Syahdan. Terlihat kehebohan diluar padepokan negeri Astinapura.
Para pendekar berkumpul didepan pasebanan. Mengelilingi pemimpin padepokan.
“Tuanku. Siapakah gerangan penghuni padepokan yang membawa ajian kitab keluar dari padepokan.
Konon di alun-alun istana terdengar suara gemuruh. Mempertanyakan siapakah para pendekar yang membawa ajian kitab padepokan, tuanku”, kata sang pendekar yang paling tua.
Wajahnya menunjukkan kegelisahan. Seaka-akan tidak percaya. Bagaimana mungkin ajian kitab dari padepokan keluar dari padepokan.
“Wahai para pendekar. Diantara para penghuni padepokan memang terbukti membawa kitab keluar dari padepokan.
Padahal para penghuni Sudah berikrar. Agar menjaga kitab tidak boleh keluar dari padepokan”, titah pemimpin padepokan.

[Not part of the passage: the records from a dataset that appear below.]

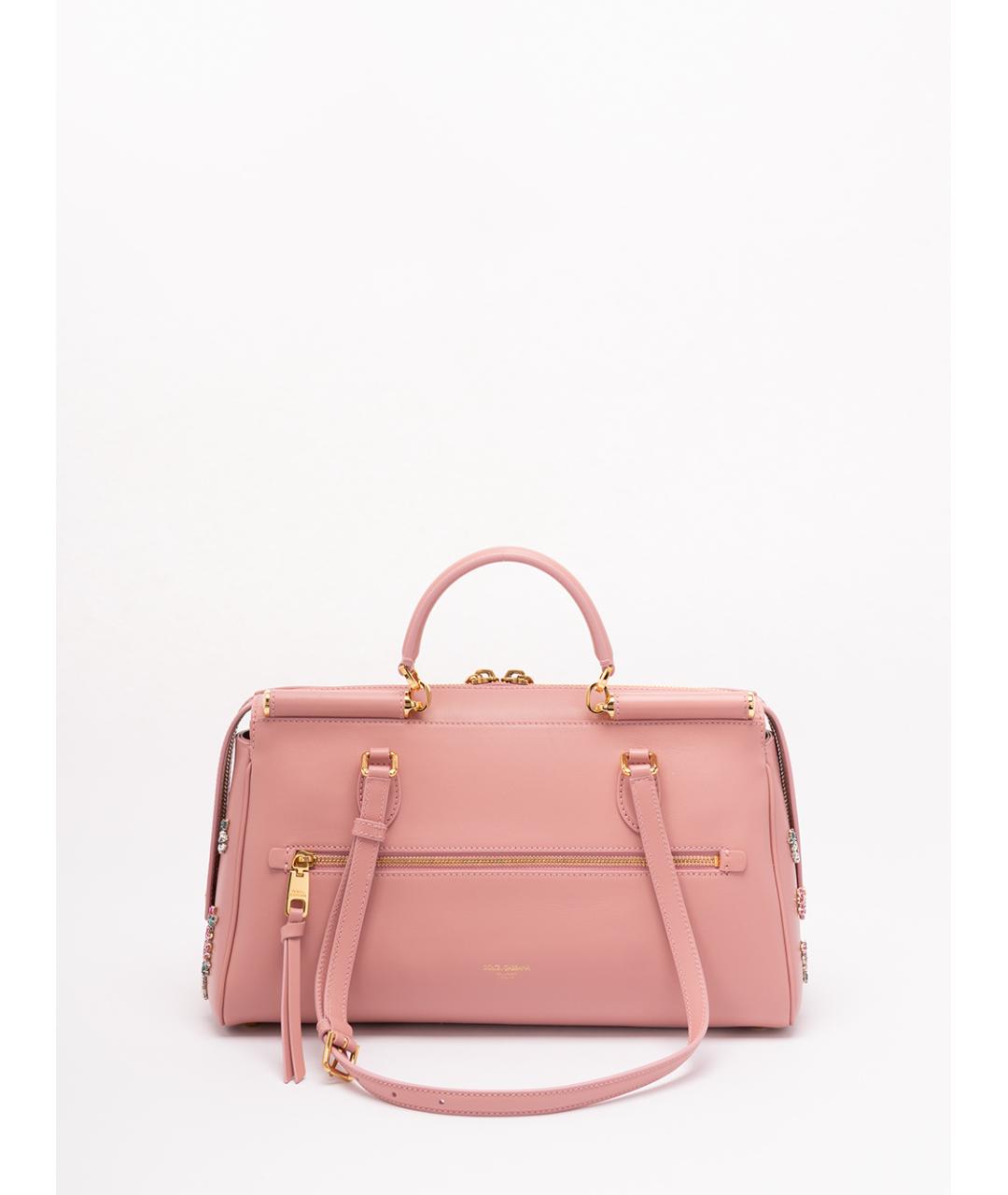 DOLCE&GABBANA Розовая кожаная сумка тоут, фото 2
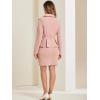 imageAllegra K Two Pieces Suits for Womens Business Peplum Blazer Jacket Mini Pencil Skirt SetsPink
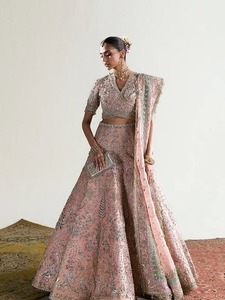 Élégante Robe Lehenga Choli en Soie Rose Brodé, Longueur Ras du Sol, Traditionnelle pour Mariage et Fêtes, Haute Qualité pour Femme, Inde - Product Image 5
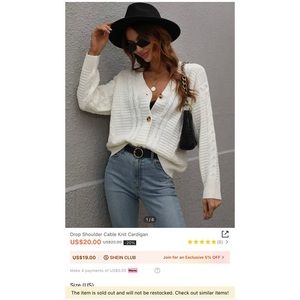 🌸✨NEW NWT SHEIN White V Neck Drop Shoulder Cable Knit Sweater Cardigan XL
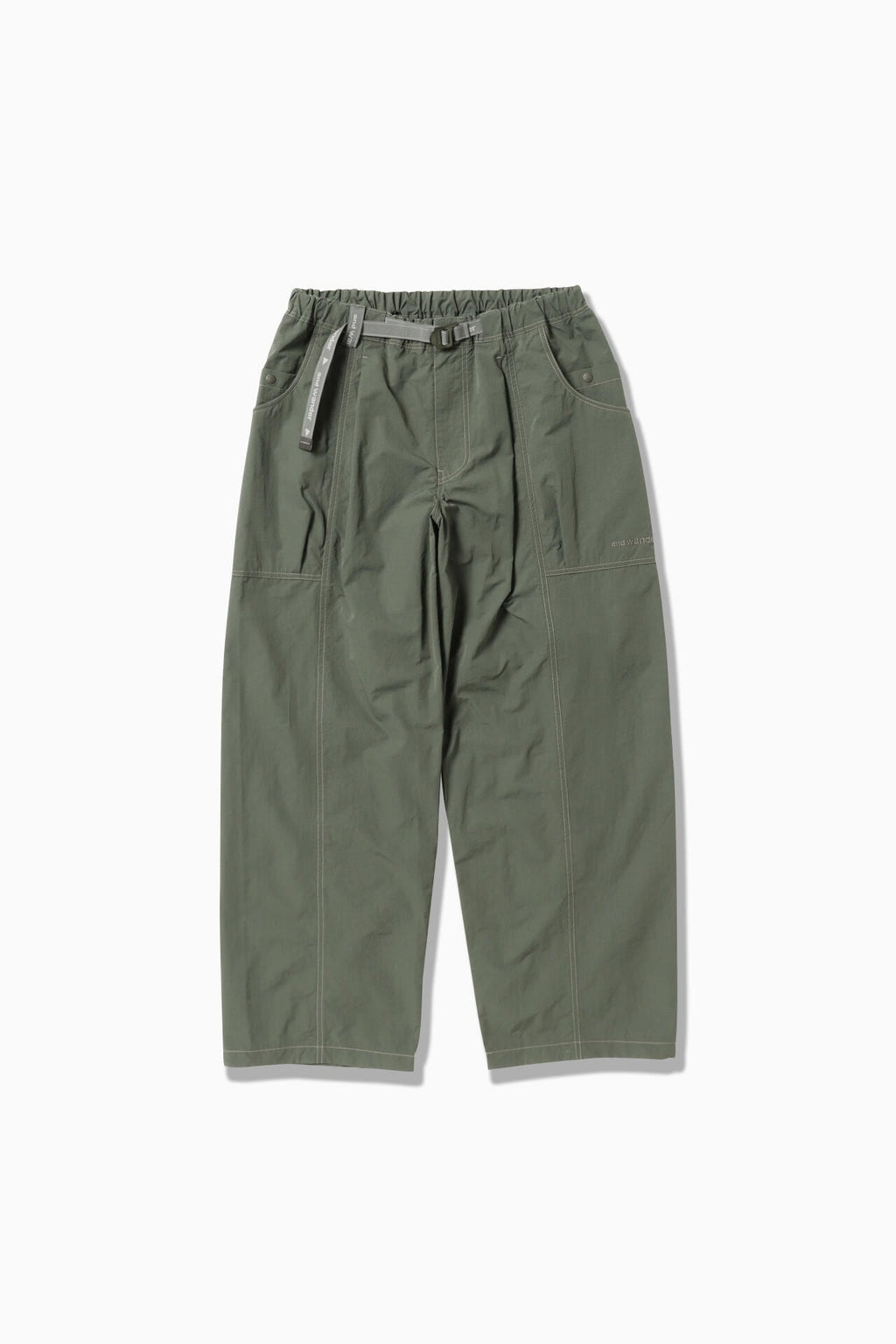 crinkled nylon pants - d.gray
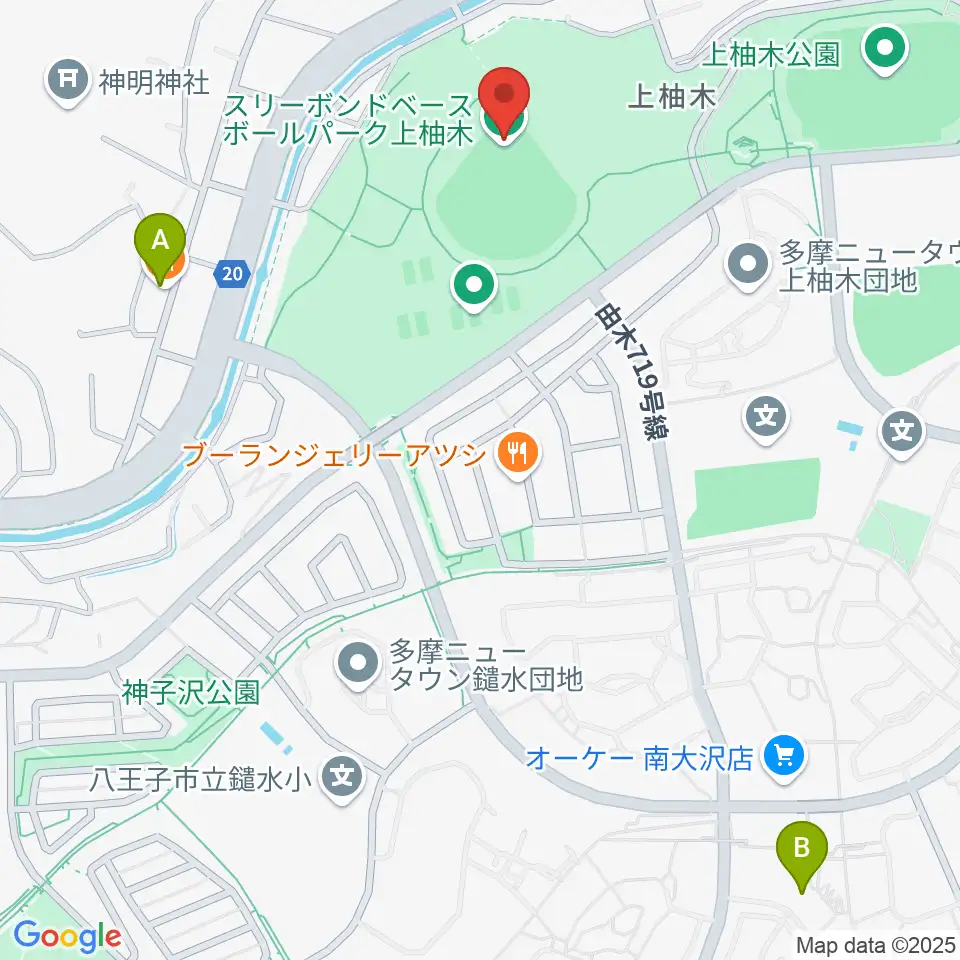 スリーボンドベースボールパーク上柚木周辺のカフェ一覧地図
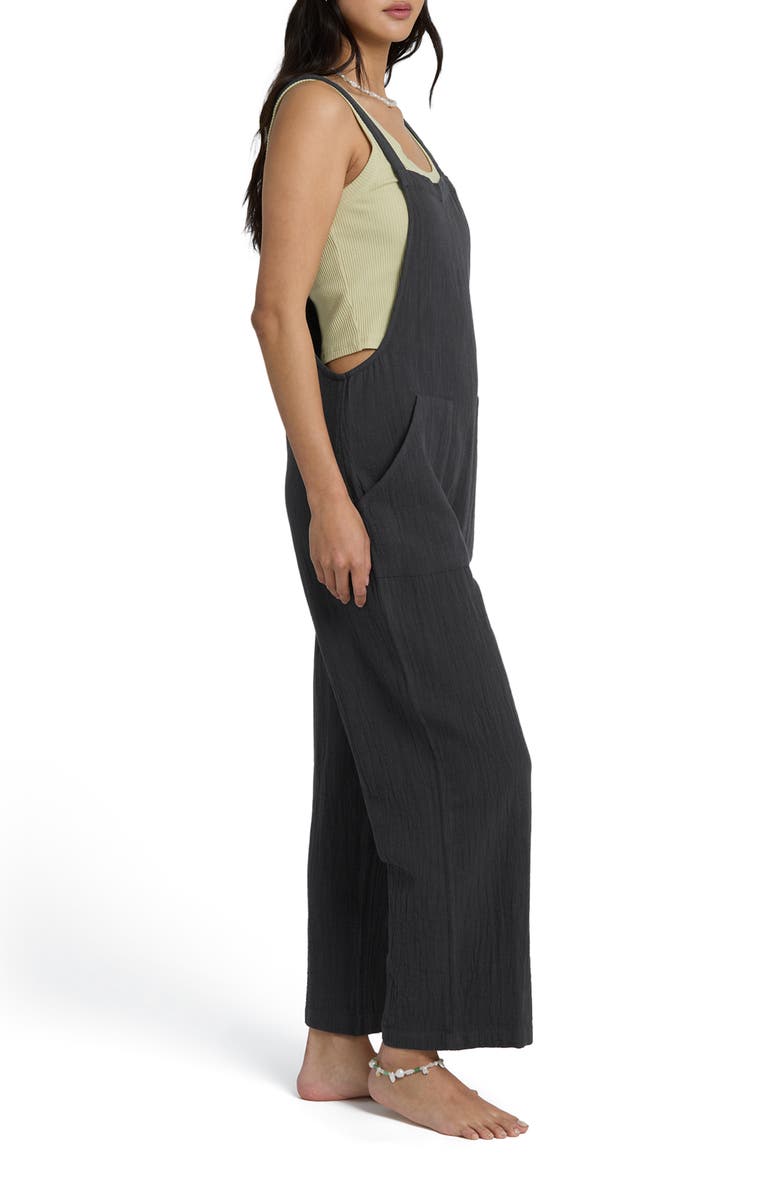Billabong Pacific Time Cotton Gauze Jumpsuit, Alternate, color, Black Sands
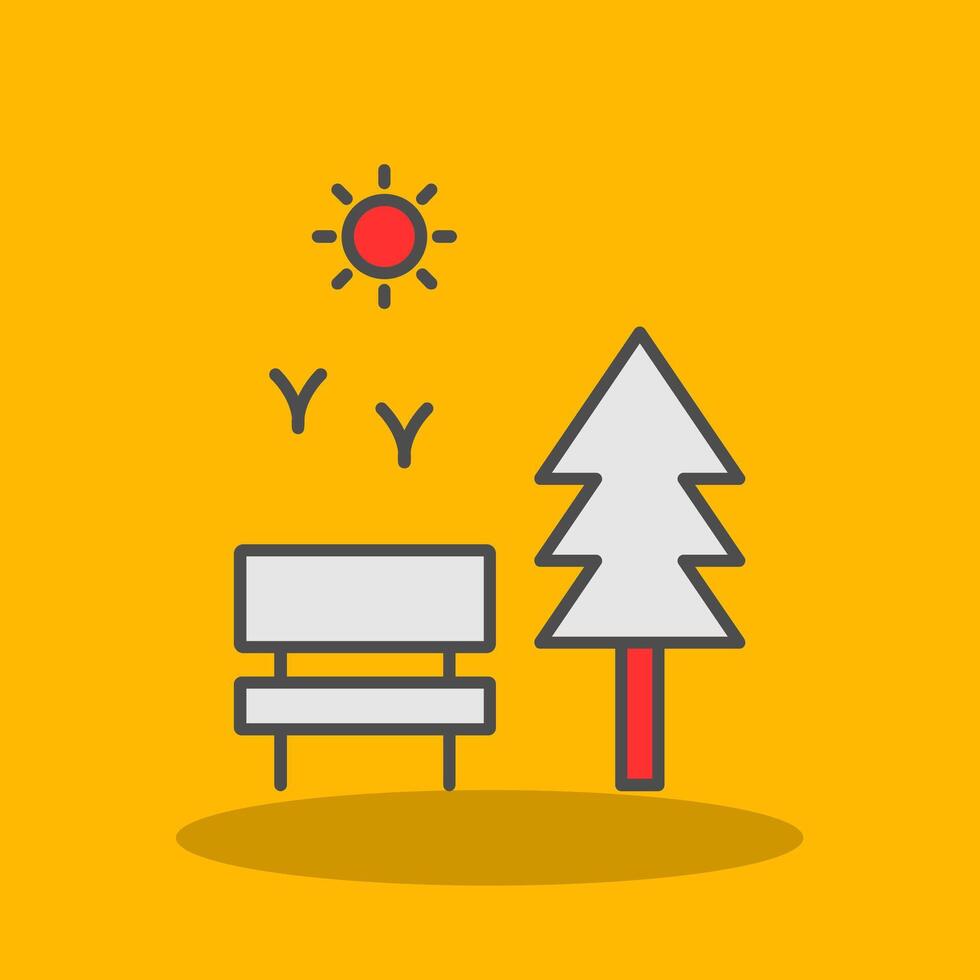 Park Filled Shadow Icon vector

Wajahnya menunjukkan kemarahan kepada yang Hadir.
“Pabila hingga satu purnama kedepan, kalian harus mencari siapa para penghuni yang telah mengeluarkan kitab dari padepokan.
Tidak patut para pendekar mempunyai sifat khianat kepada padepokan.
Dirimu dan segala ilmumu dibaktikan untuk padepokan. Bukan berkhianat kepada musuh negara astinapura.
Perbuatan itu sungguh-sungguh memalukan. Tidak pantas disandang para pendekar padepokan”, sambut sang Pemimpin padepokan.
“Baiklah, tuanku. Hamba akan mencari siapa para pendekar yang telah berkhianat kepada padepokan. Sekaligus berkhianat dari kerajaan Astinapura”, sembah sang para pendekar.
Mereka kemudian bersingsut mundur dari padepokan. Mencari pengkhianat padepokan dan negara astinapura.
Tidak lama kemudian Suasana sunyi. Pemimpin padepokan melanjutkan tapa brata.
Memohon ampun kepada Dewata Agung. Agar negeri astinapura selamat dari serangan negara api yang sebentar lagi akan menyerang negeri Astinapura.